I have below code where I have commented when I get segmentation fault and when not.
Originally I got segmentation fault and then I could figure out that probably I cannot initialize my char pointer locations like "abcd". But I am not able to understand - WHY?
I thought testString = "abcd"; will put a at first memory address, b at second and so on ...
Segmentation fault occurs when trying to free memory, based on how I initialize memory location.
#include <stdio.h>
#include <stdlib.h>
int main(void)
{
char* testString = malloc(sizeof(char) * 5);
printf("Size of char is: %d\n", sizeof(char));
printf("Size of int is: %d\n", sizeof(int));
for(int i = 0; i < 5; i++)
{
printf("Pointer addresses are: %p\n", testString + i);
}
char* tempPtr = testString + 2;
printf("My temp pointer address = %p\n", tempPtr);
// This gives me segmentation fault ....
testString = "abcd";
// This will not give me segmentation fault ....
//int count = 65;
//for(int i = 0; i < 5; i++)
//{
// testString[i] = count + i;
//}
printf("Printing character...\n");
for(int i = 0; i < 5; i++)
{
printf("Characters are: %c\n", testString[i]);
}
printf("Freeing memory...\n");
free(testString);
//printf("Access after freeing >>%c<<\n", tempPtr[0]);
//free(testString);
}
Based on #M.M. and #Jonathan's comment I understood that with testString = "abcd"; my testString will point to a memory location where string "abcd" was created and since I didn't malloc'ed it I cannot free it. Also, since my original pointer to heap memory (which I got using malloc) is gone, so it is waste of memory or memory lead.
So, does it means that when I use printf statement like printf("Printing character...\n");, this is also a memory leak? Then how do I avoid it? Looping and inserting into char* is certainly a bad idea.
this line:
testString = "abcd";
is overlaying the pointer given by the call to malloc() with the address of the string literal: "abcd" this results in a memory leak because the original pointer to the allocated memory is lost.
In C, when copying a string, it 'should' be handled by the functions: strcpy() and strncpy() which will not corrupt the pointer contained in testString.
strcpy( testString, "abcd" );
strncpy( testString, "abcd", strlen( "abcd" ) );
Naturally, once the pointer to the allocated memory has been overlayed/destroyed by the assignment statement: testString = "abcd";, the new value placed into testString must not be passed to free()
the seg fault would be happening at the call to free(), not at the incorrect assignment of a new pointer to testString.
Using printf is not a memory leak. Memory leaks occur when a pointer is allocated via malloc [or, herein, strdup] and there is no corresponding free call for it.
Also, trying to free a pointer that has not been allocated is another type of error. It [probably] won't segfault, but free will complain.

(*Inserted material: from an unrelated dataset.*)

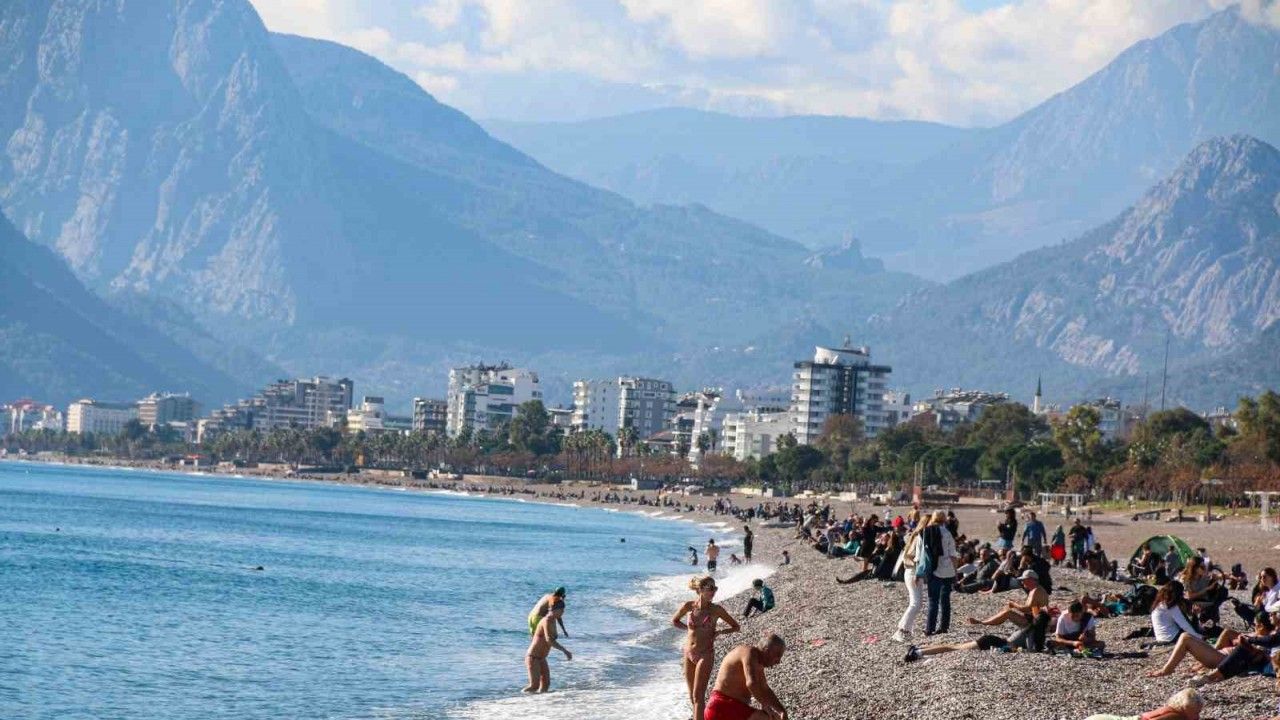 Termometrelerin 19 dereceyi gösterdiği Antalya’da Aralık ayında deniz keyfi
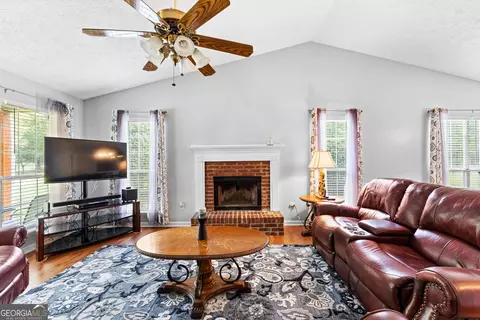 85 Pine Tree Dr, Mcdonough, GA 30252 photo 10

Here's a simplified version of your program that illustrates some of the ways you can do this:
#include <stdio.h>
#include <string.h>
#include <malloc.h>
int opt_segv;
char *temp = "abcd";
void
dostr(char *str,int modflg)
{
printf("\n");
printf("dostr: %s\n",str);
if (modflg)
str[modflg] = 'm';
printf("dostr: %s\n",str);
}
void
test1(void)
{
int len;
char *testString;
len = strlen(temp);
testString = malloc(len + 1);
strcpy(testString,temp);
dostr(testString,1);
free(testString);
}
void
test2(void)
{
char *testString;
testString = strdup(temp);
dostr(testString,2);
free(testString);
}
void
test3(void)
{
char *testString;
// passing a pointer to a string _constant_ -- do _not_ modify
testString = temp;
dostr(testString,opt_segv ? 3 : 0);
}
int
main(int argc,char **argv)
{
char *cp;
--argc;
++argv;
for (; argc > 0; --argc, ++argv) {
cp = *argv;
if (*cp != '-')
break;
switch (cp[1]) {
case 's': // generate segfault
opt_segv = 1;
break;
}
}
test1();
test2();
test3();
return 0;
}
You can run the program with -s to simulate the string constant modification that caused your segfault.
This question has content relevant to answer of my question but doesn't have detailed answer. #Jonathan's comments answers all my questions but he hasn't put forward a detailed answer so I am writing my answer so that folks who will visit further can have detailed explanation:
I created a pointer and allocated some space on "heap segment" of the memory, now my pointer was pointing to that memory location on heap.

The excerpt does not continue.